Quanto sia importante per il Piacenza Jazz Fest essere presente nel tessuto scolastico del territorio è evidente da ormai quindici anni. Coinvolgere le nuove generazioni e avvicinarle al "sentire" il linguaggio afroamericano, con tutto ciò che comporta, sia dal punto di vista dell'arricchimento culturale, sia da quello dei valori di integrazione e rispetto del "diverso" che il Jazz porta con sé. Anche se quest’anno le scuole che "visiteranno" il jazz Club piacentino, cioè il Milestone saranno alcune classi degli istituti "Respighi" (1 marzo) e "Gioia" 15 marzo).
Gli studenti troveranno sul palco un quintetto jazz che racconterà delle storie e risponderà alle loro domande, ma anche un duo di attori eccezionali della Compagnia "TraAttori" che improvviseranno esattamente come si fa nella musica jazz.
Ma il Piacenza Jazz Fest pensa anche ai più piccoli e, in collaborazione con il servizio comunale "Infoambiente", "porta" letteralmente a scuola i bimbi delle primarie, attraverso i pedibus musicali; un vero momento di gioia, andare a scuola accompagnati da una dixie band!

JAZZ BRUNCH

Sempre molto apprezzati sono anche i due Jazz Brunch; dei momenti ludici, d’incontro in posti belli e con persone che condividono questo modo di divertirsi e di trascorrere qualche ora diversamente dalle solite domeniche.
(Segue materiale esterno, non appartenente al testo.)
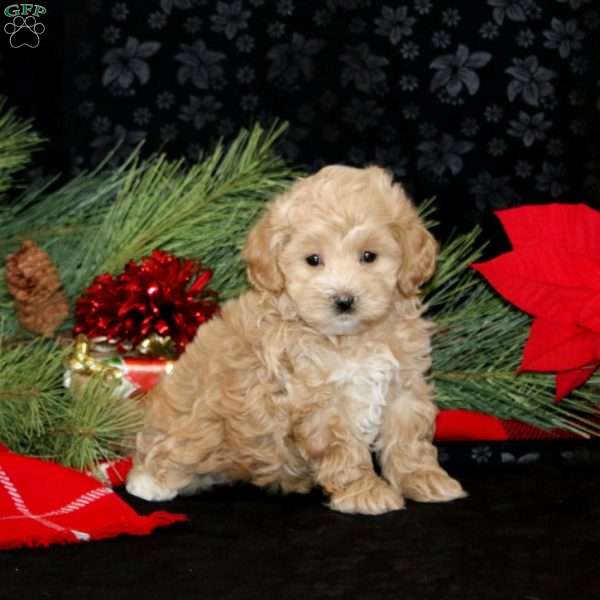 Cherise, Maltipoo Puppy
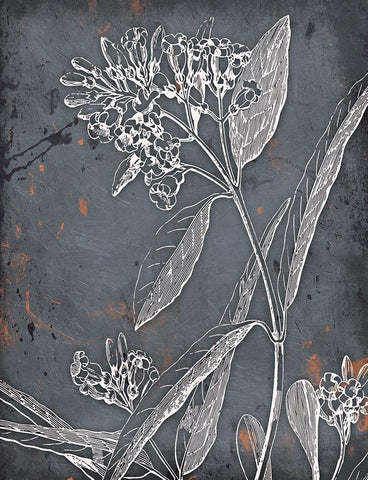 Cool Fall Flowers Black Ornate Wood Framed Art Print with Double Matting by Grey, Jace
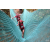Team 53 / Raid Amazones Cambodge - J6 Trek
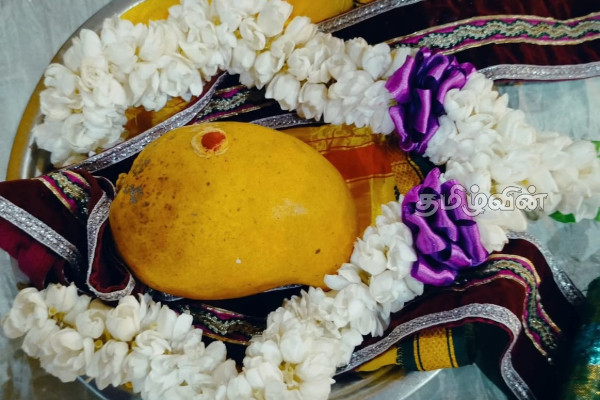 தமிழர் பகுதியிலுள்ள ஆலயமொன்றில் பல இலட்சம் ரூபாய்க்கு ஏலம் போன மாம்பழம் | Mango Auction For 645 000 Kilinochchi Temple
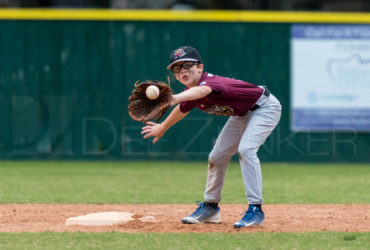 Bellaire Little League Minors Rattlers Knights 20180412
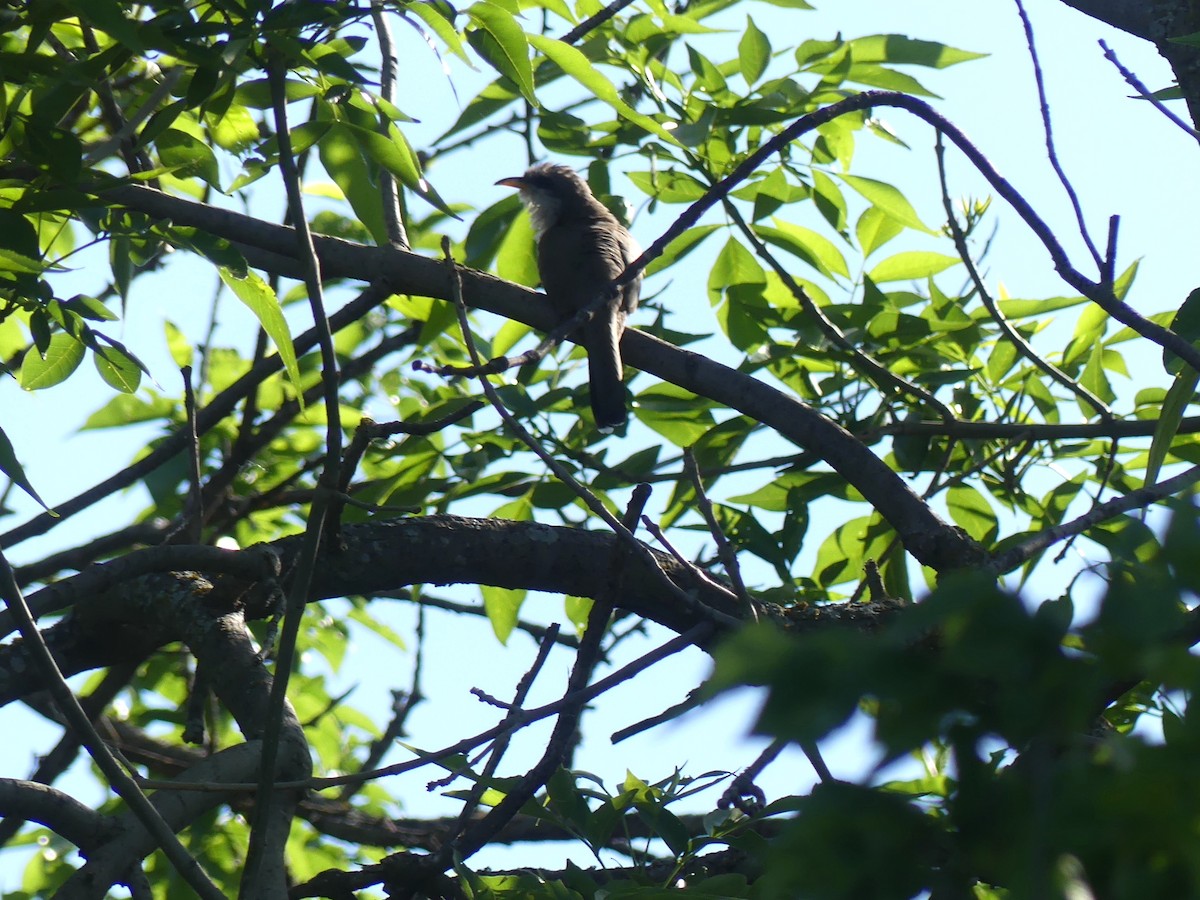 Yellow-billed Cuckoo - Phil St. Romain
Due Brunch molto diversi, per utenza e locazione: uno all’Irish Pub di via S. Siro domenica 25 febbraio ore 12:30 con "Mike Frigoli Trio” e l’altro al settimo piano dell’Albergo Roma il 18 marzo alla stessa ora, con il quintetto "Classic Jazz Five".

INCURSIONI JAZZ

La seconda novità riguarda invece quelle che abbiamo chiamato “Incursioni Jazz”. Delle vere e proprie improvvise incursioni di una small band di jazz tradizionale a sorpresa nei negozi e bar del centro storico, della periferia e, perché no, di alcune scuole o università consenzienti. Una fresca parentesi di musica allegra per sollevare gli animi e per contribuire a rendere ancor più vivibile la nostra città.